Numa comparação internacional, o Brasil está no hall dos 140 países que possuem leis que punem, de alguma maneira, a violência contra a mulher. Isso representa dois terços das nações. Ainda restam 40 que simplesmente não possuem legislação específica.
Levantamento divulgado essa semana pelo Núcleo de Estudos da Violência da USP e pelo Fórum Brasileiro de Segurança Pública revelou que, embora o número de homicídios dolosos de mulheres tenha diminuído no ano passado no país (queda de 14,1%, 3.739 casos), o de feminicídios aumentou 7,3% (1.314 mulheres casos, uma mulher a cada sete horas).
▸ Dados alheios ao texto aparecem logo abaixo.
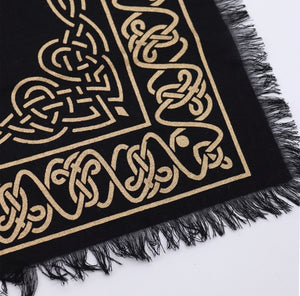 Altar cloth - fringed pentagram 50x50cm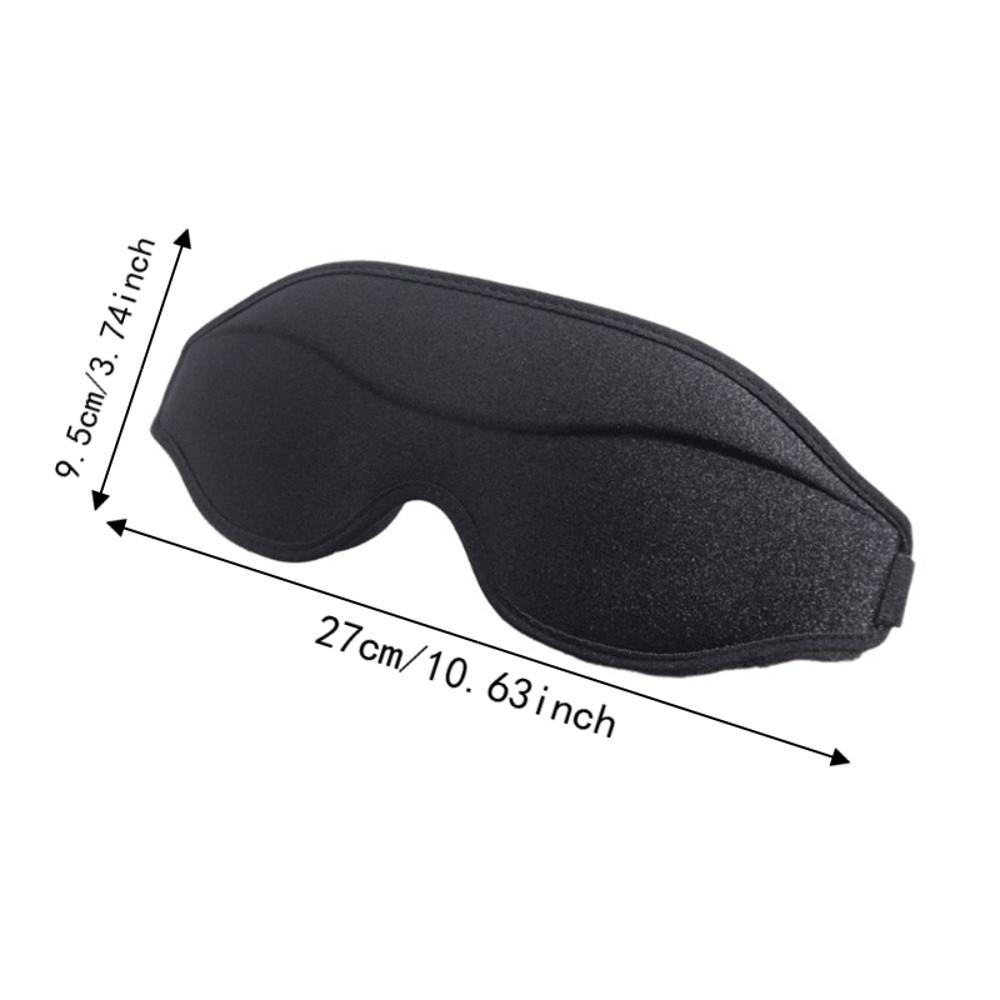 Light Blocking 3D Sleep Mask Soft Sleeping Blindfold Portable Blackout Eye Shade Household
Desde 2015, a legislação mudou no Brasil e passou a prever penas mais graves para aqueles homicídios que estejam ligados à discriminação da mulher. “Geralmente, o feminicídio envolve violência doméstica e familiar ou clara discriminação à condição de mulher. São crimes de ódio motivados pela condição de gênero, geralmente impulsionados pelo ciúme, pelo motivo passional. A pena varia de 12 a 30 anos de prisão”, explica o criminalista Leonardo Pantaleão.
Alguns especialistas apontam que o crescimento no número de feminicídios, desde quando ele foi incluído na lei penal, não significa necessariamente o aumento da violência contra a mulher, mas sim um enquadramento mais correto do tipo de crime.
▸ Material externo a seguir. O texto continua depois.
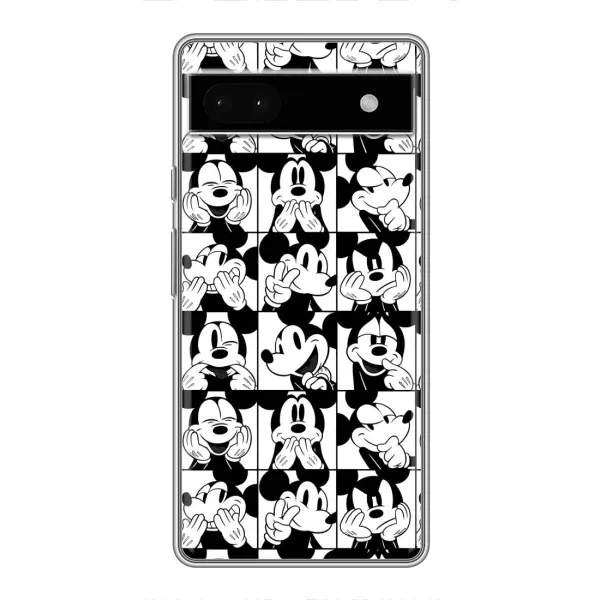 Чехол с рисунком «Коллаж Микки Маус» для Google Pixel 6a Чехол с рисунком «Коллаж Микки Маус» для Google Pixel 6a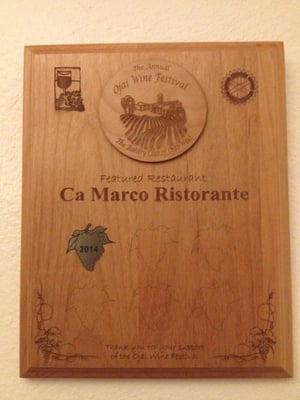 Menu photo 6 Ca ‘Marco Ristorante Ojai, CA Menu photo 6 Ca ‘Marco Ristorante Ojai, CA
“Pode ser que estejamos melhorando nossa estrutura de atendimento, mas a violência contra a mulher ainda é uma questão que envolve, historicamente, uma cultura de diminuição da mulher, de sua condição e seus direitos. Os avanços vieram amparados na lei, mas não significa que já conseguiram mudar a cultura. Esse é um processo lento, gradual. Sem contar que ainda temos que romper a barreira do silêncio, já que muitas mulheres, vítimas de violência, não denunciam”, analisa.
Segundo dados da ONU Mulheres, os países que mais denunciam os crimes de violência contra a mulher são os Estados Unidos e os da Europa Ocidental, justamente aqueles que possuem leis mais protetivas.
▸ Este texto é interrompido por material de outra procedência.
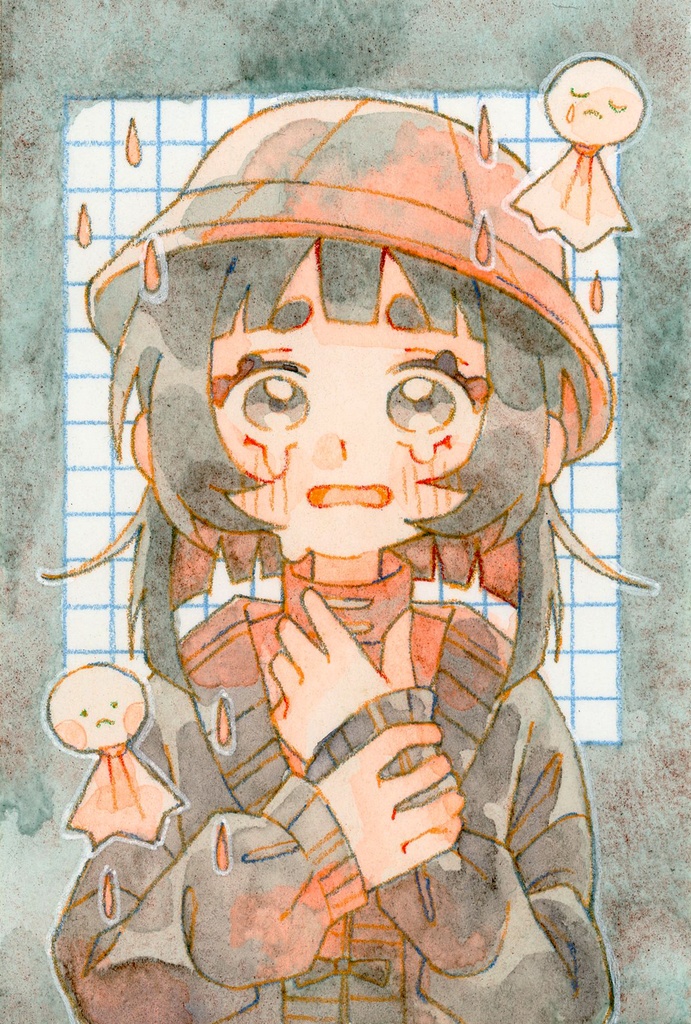 【原画】云思雨 BLUE BROWN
Embora os números ainda sejam alarmantes no Brasil, temos tido alguns avanços no que diz respeito à conscientização da sociedade. É o que acredita Acácio Miranda, professor e mestre em Direito Penal Internacional pela Universidade de Granada (Espanha). “Todos os regramentos existentes no Brasil foram tipificados em virtude de tratados e convenções internacionais dos quais somos signatários. E os instrumentos jurídicos foram importantes para conscientizar a população acerca da igualdade entre homens e mulheres. Em outros países, onde essa equiparação não é tão difundida, os índices são mais alarmantes, como o caso da Rússia e o de alguns países africanos”, reflete.
Agressões contra a mulher pelo mundo
Segundo o Escritório das Nações Unidas sobre Drogas e Crime (UNODC), a estimativa é que metade das mulheres assassinadas no mundo são vítimas dos próprios cônjuges ou de homens da família.
O casamento antes dos 18 anos é uma prática que costuma levar a histórias de violência, além de interromper estudos e planos de vida para 750 milhões de meninas, segundo a ONU Mulheres. Bangladesh e Índia são os países que lideram o ranking de casamentos infantis, indo contra as próprias leis.
África Subsaariana, Ásia Meridional e Oriente Médio são as regiões do mundo em que as mulheres são mais desprotegidas em termos de lei. A Rússia, onde uma mulher é assassinada a cada 40 minutos, descriminalizou a violência de gênero em 2017, reduzindo a pena ao pagamento de uma multa. Na União Europeia (UE), a Bulgária se destaca por não ter leis que criminalizem o estupro dentro do casamento e a Hungria, por não punir o assédio sexual.
Leia mais
- Gênero e violência - Um debate sobre a vulnerabilidade de mulheres e LGBTs. Revista IHU On-Line, Nº. 518
- Todas as possibilidades de gênero. Novas identidades, contradições e desafios. Revista IHU On-Line, Nº. 463
- América Latina. Mulheres contra o machismo
- Por um feminismo sem fronteiras
- Brasil tem dois mil órfãos do feminicídio por ano
- São Paulo leva milhares às ruas sob chuva, mas em número aquém ao do ano passado
- Por um feminismo de baderna, ira e alarde
- 8 de março, data para lembrar que sem as mulheres não somos nada
- O lugar mais perigoso do mundo para uma mulher: dentro da sua própria casa
- Violência de gênero é obstáculo para garantia de direitos sexuais e reprodutivos de mulheres e jovens
- Casa. O lugar mais inseguro para as mulheres
- Sinais do aumento de feminicídios. Por que elas são mortas?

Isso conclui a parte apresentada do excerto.